# Problem details
Write out once more the lines running from the top of the entries below to the line with "STAUD | Iris Silk Dress Syrah", both ends included.

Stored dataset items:
· · · · · · ·
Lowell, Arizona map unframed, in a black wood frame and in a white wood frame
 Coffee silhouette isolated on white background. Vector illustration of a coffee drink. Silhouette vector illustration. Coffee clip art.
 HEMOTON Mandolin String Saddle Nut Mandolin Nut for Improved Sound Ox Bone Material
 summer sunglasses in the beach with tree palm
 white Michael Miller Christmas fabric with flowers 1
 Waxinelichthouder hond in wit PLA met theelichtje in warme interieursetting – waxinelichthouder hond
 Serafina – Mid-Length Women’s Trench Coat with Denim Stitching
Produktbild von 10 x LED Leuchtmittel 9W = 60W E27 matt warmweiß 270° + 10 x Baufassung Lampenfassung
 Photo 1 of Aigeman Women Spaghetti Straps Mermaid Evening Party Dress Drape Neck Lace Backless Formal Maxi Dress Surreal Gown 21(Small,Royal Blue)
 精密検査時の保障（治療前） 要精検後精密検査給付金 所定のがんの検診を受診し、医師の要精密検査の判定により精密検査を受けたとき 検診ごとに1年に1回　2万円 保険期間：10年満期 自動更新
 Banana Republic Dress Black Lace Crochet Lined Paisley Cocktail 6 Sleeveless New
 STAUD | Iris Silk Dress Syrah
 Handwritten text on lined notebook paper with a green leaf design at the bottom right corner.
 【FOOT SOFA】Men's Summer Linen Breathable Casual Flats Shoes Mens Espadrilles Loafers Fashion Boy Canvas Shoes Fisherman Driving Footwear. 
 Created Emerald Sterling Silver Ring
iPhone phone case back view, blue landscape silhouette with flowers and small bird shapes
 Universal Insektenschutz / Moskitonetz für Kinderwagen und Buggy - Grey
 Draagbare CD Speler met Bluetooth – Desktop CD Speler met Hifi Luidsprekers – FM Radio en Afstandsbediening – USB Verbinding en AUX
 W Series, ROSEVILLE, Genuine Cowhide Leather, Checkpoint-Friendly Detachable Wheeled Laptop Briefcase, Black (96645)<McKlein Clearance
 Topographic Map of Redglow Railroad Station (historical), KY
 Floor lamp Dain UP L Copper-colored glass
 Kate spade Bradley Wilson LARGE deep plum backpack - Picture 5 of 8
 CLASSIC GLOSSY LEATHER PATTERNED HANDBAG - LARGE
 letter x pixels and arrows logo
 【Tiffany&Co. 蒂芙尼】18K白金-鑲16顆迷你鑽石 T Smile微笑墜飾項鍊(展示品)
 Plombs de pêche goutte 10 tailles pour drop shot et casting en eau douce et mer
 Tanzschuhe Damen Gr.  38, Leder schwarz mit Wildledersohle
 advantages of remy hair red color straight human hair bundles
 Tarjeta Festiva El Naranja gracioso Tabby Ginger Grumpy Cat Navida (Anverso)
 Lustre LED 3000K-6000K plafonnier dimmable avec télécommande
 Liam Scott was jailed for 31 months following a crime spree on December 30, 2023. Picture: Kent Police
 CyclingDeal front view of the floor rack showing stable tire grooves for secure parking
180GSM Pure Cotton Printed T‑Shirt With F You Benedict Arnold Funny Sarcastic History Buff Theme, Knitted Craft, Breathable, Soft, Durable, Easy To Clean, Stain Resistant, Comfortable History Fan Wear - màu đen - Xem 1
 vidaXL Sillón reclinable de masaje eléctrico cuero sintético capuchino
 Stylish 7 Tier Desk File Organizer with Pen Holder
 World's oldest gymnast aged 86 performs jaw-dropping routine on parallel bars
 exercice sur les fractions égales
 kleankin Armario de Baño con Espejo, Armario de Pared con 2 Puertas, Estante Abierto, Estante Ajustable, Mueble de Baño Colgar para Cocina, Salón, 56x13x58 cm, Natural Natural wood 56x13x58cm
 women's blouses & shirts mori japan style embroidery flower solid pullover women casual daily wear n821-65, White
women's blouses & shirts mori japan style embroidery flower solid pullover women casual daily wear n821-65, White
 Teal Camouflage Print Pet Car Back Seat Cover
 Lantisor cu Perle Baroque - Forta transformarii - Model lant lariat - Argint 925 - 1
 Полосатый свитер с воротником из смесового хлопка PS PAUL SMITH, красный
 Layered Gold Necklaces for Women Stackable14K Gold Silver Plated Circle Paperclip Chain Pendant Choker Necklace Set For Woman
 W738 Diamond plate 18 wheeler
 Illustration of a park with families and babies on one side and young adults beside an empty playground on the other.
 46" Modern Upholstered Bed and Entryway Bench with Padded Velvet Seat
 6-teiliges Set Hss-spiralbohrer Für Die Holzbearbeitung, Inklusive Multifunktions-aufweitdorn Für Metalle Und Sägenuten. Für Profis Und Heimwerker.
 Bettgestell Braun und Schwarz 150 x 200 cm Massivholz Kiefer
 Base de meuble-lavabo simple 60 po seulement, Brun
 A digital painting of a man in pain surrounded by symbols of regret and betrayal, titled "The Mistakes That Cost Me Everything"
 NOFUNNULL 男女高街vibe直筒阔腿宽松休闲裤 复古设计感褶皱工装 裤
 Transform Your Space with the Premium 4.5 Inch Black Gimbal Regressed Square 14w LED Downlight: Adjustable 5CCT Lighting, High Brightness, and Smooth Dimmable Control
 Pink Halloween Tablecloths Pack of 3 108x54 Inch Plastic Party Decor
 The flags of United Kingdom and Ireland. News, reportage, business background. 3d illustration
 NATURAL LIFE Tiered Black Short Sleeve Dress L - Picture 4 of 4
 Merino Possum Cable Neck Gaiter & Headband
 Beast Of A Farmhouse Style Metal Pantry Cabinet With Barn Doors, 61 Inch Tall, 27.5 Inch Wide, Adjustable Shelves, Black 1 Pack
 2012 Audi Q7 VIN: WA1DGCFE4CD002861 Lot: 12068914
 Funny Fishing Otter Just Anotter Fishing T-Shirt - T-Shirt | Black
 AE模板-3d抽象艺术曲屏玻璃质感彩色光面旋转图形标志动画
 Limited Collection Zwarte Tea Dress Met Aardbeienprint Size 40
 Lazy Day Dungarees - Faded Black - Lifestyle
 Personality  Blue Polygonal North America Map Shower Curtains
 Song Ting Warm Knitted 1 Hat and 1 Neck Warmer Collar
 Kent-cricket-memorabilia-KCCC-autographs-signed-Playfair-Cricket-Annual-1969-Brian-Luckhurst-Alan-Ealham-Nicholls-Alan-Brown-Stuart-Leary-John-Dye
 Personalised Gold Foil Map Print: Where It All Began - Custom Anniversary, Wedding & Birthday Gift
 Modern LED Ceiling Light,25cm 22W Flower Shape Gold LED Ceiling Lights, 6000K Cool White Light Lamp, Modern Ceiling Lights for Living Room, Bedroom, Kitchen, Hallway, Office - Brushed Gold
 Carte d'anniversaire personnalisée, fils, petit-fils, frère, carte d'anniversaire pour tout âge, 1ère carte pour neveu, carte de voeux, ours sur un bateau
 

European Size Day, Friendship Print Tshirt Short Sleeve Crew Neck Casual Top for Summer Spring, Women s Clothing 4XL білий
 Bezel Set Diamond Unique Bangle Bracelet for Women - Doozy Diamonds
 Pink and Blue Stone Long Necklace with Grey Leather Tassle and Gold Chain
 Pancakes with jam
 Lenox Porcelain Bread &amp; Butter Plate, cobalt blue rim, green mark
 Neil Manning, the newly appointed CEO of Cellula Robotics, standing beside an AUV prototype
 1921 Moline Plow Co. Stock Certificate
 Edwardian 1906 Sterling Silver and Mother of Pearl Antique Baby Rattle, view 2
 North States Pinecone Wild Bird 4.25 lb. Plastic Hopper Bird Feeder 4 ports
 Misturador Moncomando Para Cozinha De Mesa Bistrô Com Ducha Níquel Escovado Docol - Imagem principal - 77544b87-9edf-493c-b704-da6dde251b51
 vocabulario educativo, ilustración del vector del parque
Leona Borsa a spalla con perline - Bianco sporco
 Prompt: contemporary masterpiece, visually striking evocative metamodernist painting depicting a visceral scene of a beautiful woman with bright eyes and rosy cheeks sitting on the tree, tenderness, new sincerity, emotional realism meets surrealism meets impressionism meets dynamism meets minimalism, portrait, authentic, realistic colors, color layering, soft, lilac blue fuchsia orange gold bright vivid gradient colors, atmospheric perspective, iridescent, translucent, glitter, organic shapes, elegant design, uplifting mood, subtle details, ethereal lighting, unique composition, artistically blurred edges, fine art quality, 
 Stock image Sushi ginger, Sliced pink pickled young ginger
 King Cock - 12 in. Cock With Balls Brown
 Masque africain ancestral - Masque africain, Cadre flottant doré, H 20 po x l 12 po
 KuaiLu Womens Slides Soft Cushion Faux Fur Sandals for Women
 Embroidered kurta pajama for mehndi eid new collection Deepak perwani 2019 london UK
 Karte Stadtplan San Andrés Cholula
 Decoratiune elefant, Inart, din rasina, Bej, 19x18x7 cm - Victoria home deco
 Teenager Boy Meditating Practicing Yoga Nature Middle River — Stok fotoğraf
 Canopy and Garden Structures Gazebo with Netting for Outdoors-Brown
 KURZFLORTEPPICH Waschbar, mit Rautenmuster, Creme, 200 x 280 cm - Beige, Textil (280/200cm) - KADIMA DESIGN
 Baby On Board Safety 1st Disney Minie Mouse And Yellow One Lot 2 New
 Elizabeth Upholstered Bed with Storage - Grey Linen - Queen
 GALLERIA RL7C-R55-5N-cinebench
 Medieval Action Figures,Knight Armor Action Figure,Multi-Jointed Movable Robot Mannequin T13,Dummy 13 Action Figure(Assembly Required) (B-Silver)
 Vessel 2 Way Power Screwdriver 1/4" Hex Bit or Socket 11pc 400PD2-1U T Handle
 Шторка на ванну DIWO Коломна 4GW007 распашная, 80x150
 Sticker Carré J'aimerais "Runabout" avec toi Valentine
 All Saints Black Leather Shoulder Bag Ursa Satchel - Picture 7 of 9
· · · · · · ·
# Problem solution
Lowell, Arizona map unframed, in a black wood frame and in a white wood frame
 Coffee silhouette isolated on white background. Vector illustration of a coffee drink. Silhouette vector illustration. Coffee clip art.
 HEMOTON Mandolin String Saddle Nut Mandolin Nut for Improved Sound Ox Bone Material
 summer sunglasses in the beach with tree palm
 white Michael Miller Christmas fabric with flowers 1
 Waxinelichthouder hond in wit PLA met theelichtje in warme interieursetting – waxinelichthouder hond
 Serafina – Mid-Length Women’s Trench Coat with Denim Stitching
Produktbild von 10 x LED Leuchtmittel 9W = 60W E27 matt warmweiß 270° + 10 x Baufassung Lampenfassung
 Photo 1 of Aigeman Women Spaghetti Straps Mermaid Evening Party Dress Drape Neck Lace Backless Formal Maxi Dress Surreal Gown 21(Small,Royal Blue)
 精密検査時の保障（治療前） 要精検後精密検査給付金 所定のがんの検診を受診し、医師の要精密検査の判定により精密検査を受けたとき 検診ごとに1年に1回　2万円 保険期間：10年満期 自動更新
 Banana Republic Dress Black Lace Crochet Lined Paisley Cocktail 6 Sleeveless New
 STAUD | Iris Silk Dress Syrah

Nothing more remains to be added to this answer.